There used to be a thread in this forum (before the move) which specified hole size for tapping (7/16" ?) and size to turn tenon before threading with the die (no idea). Can anyone provide those measurements again? Thanks.

Dan


----------



## DCBluesman (Aug 13, 2008)

Credit to Bruce Robbins.

The CAP
I drill the cap with a 7/16" drill for the male tap which I hold in a "Tee" handle and hand tap the threads.  I tried putting it in a Jacobs chuck in the tailstock and hand turning the headstock but couldn't get the proper "forward thrust VS turn" down pat and ruined several threads.  I squirt a little WD-40 on the tap and it cuts into the acrylics nicely.  I simply look down and align the tap with a straight line on the lathe bed.  If you find a better way be sure and share your success.

The bottom
I found that turning the blank down to .466 gives me a nice diameter to run the die up on, again being hand held in a die holder and a squirt of WD-40 allows for fine shavings to curl away.  Once arriving at .466" and finding that it worked, I haven't experimented since so there could easily be a better diameter for the threads.  Again, if you find a better way be sure and share your success.

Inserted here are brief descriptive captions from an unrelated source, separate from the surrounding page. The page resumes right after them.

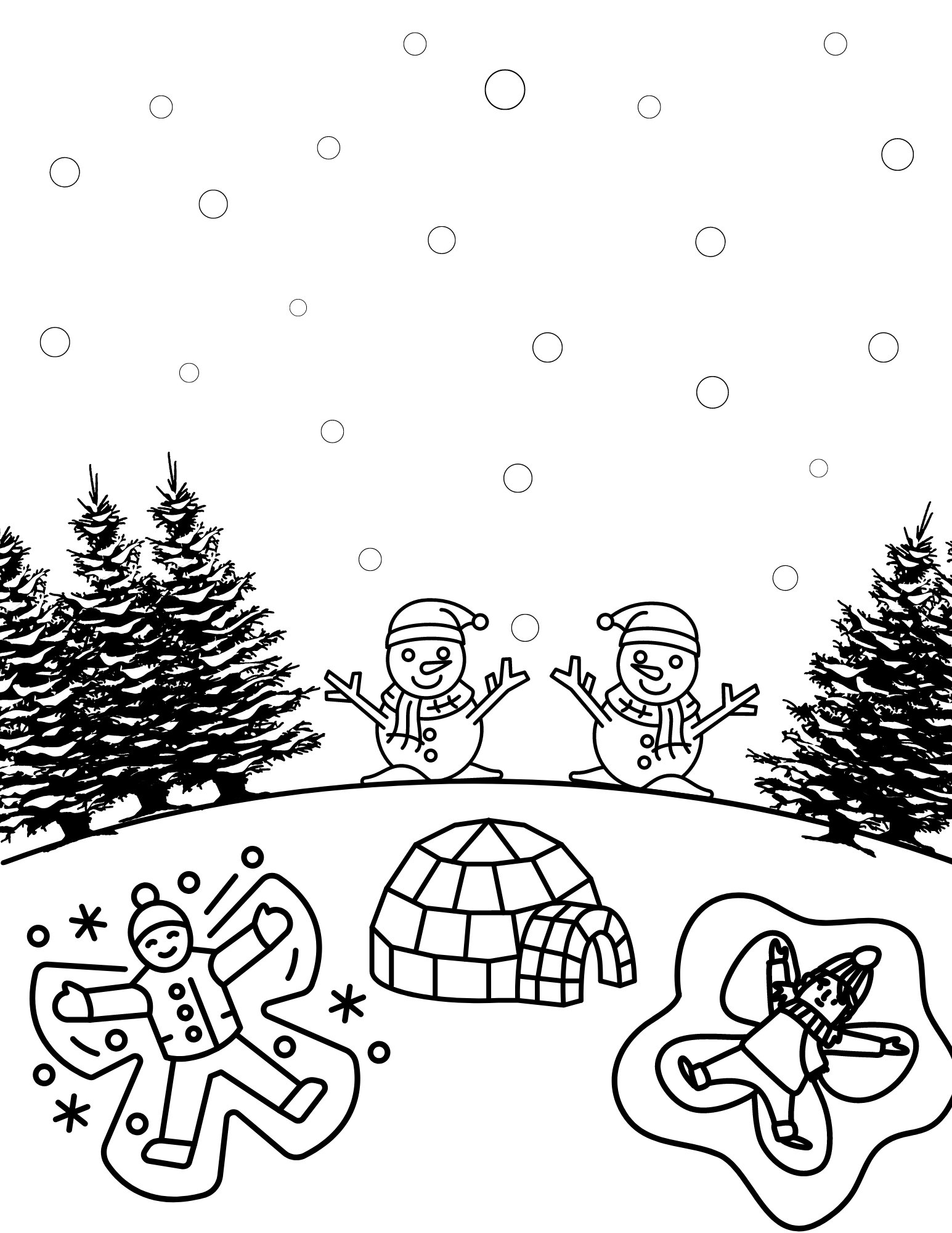 Winter Coloring Pages (Download Now) - Etsy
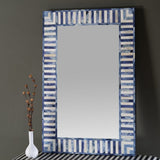 Handmade Blue Bone Inlay Stripe Pattern Mirror Frame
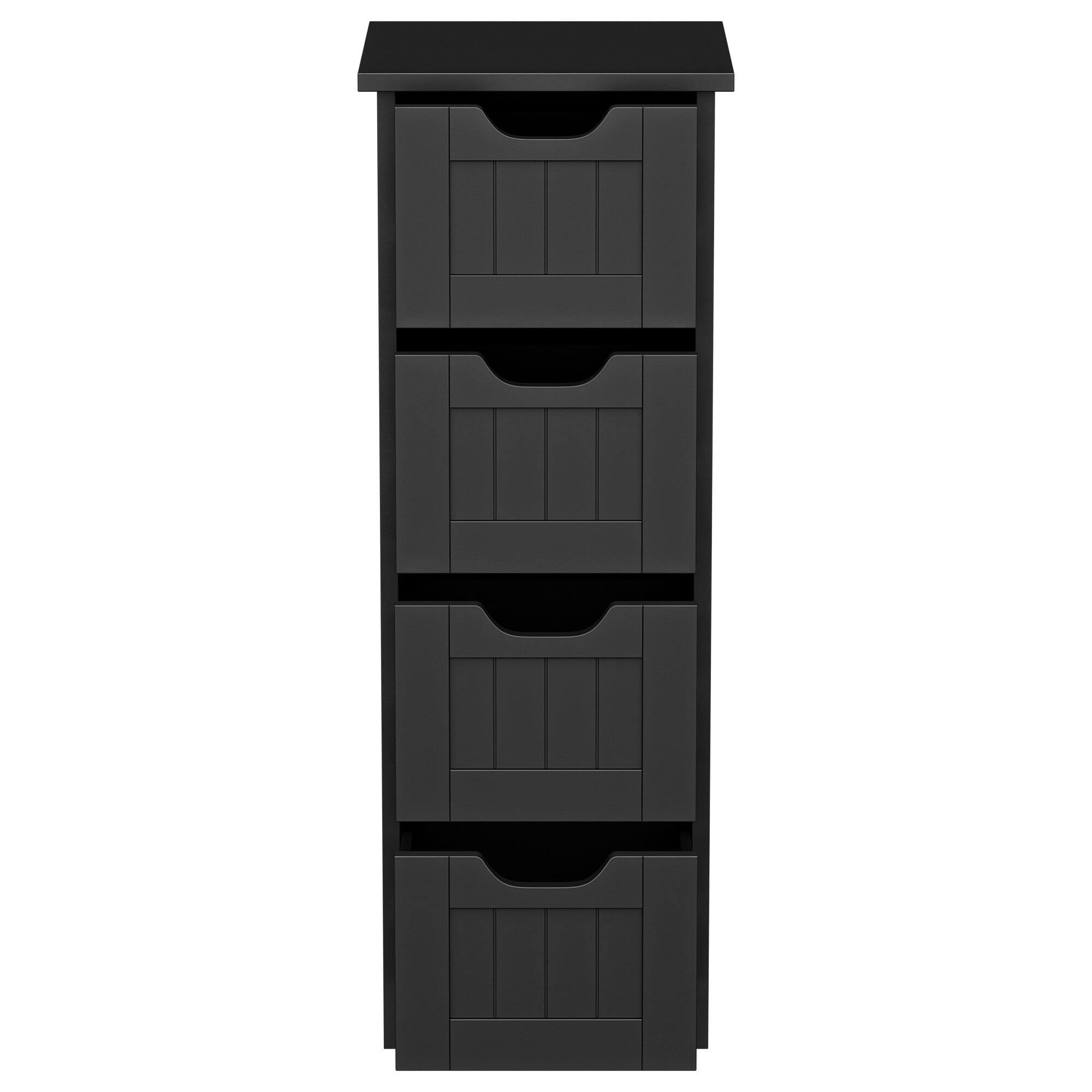 ZENSTYLE Bathroom Floor Cabinet Wood Free Standing Storage Organizer with 4 Drawers Black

I drill with a "Q" bit then tap the inside threads with a 10mm X 1mm tap first then screw in a dummy threaded rod I made from maple to strengthen and support the inner nib threads while threading the larger outer cap threads.  The nib threads are sloppy but not any sloppier than the kit threads.


----------



## LEAP (Aug 13, 2008)

http://www.penturners.org/forum/showthread.php?t=6700&highlight=thread+diameter&page=2


----------



## LEAP (Aug 13, 2008)

Oh and Bruce if you read this try the tap in the drill chuck but with the tail stock free on the ways. A light pressure on the tailstock body as you turn the head stock and the tap walks itself right in.


----------



## BRobbins629 (Aug 13, 2008)

LEAP said:


> Oh and Bruce if you read this try the tap in the drill chuck but with the tail stock free on the ways. A light pressure on the tailstock body as you turn the head stock and the tap walks itself right in.


That's exactly what I do.  Also have a die holder that fits the chuck.


----------



## Dan_F (Aug 13, 2008)

Thanks so much guys!! I remember the thread that leap linked to, but thought that the older threads hadn't made it over yet, as there was no page count for this forum on the new server. Hope to have something to show before too long. 

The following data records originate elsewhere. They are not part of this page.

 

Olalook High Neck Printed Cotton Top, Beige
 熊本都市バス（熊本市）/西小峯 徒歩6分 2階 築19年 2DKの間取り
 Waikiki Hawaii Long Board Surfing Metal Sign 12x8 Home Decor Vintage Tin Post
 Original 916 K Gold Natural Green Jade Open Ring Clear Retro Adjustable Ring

Lou---interesting procedure that is with the maple supporting the barrel while using the die.

Dan


----------



## ldb2000 (Aug 15, 2008)

Dan , also try using Pam cooking spray as a lubricant instead of the WD 40 ,  several people here have found that it does a better job of lubricating the tap and die and gives a cleaner thread .


----------



## Dan_F (Aug 15, 2008)

ldb2000 said:


> Dan , also try using Pam cooking spray as a lubricant instead of the WD 40 ,  several people here have found that it does a better job of lubricating the tap and die and gives a cleaner thread .



I'll try that, only had time so far to do some practice inner threads, using WD 40 they look kind of rough.

Dan


----------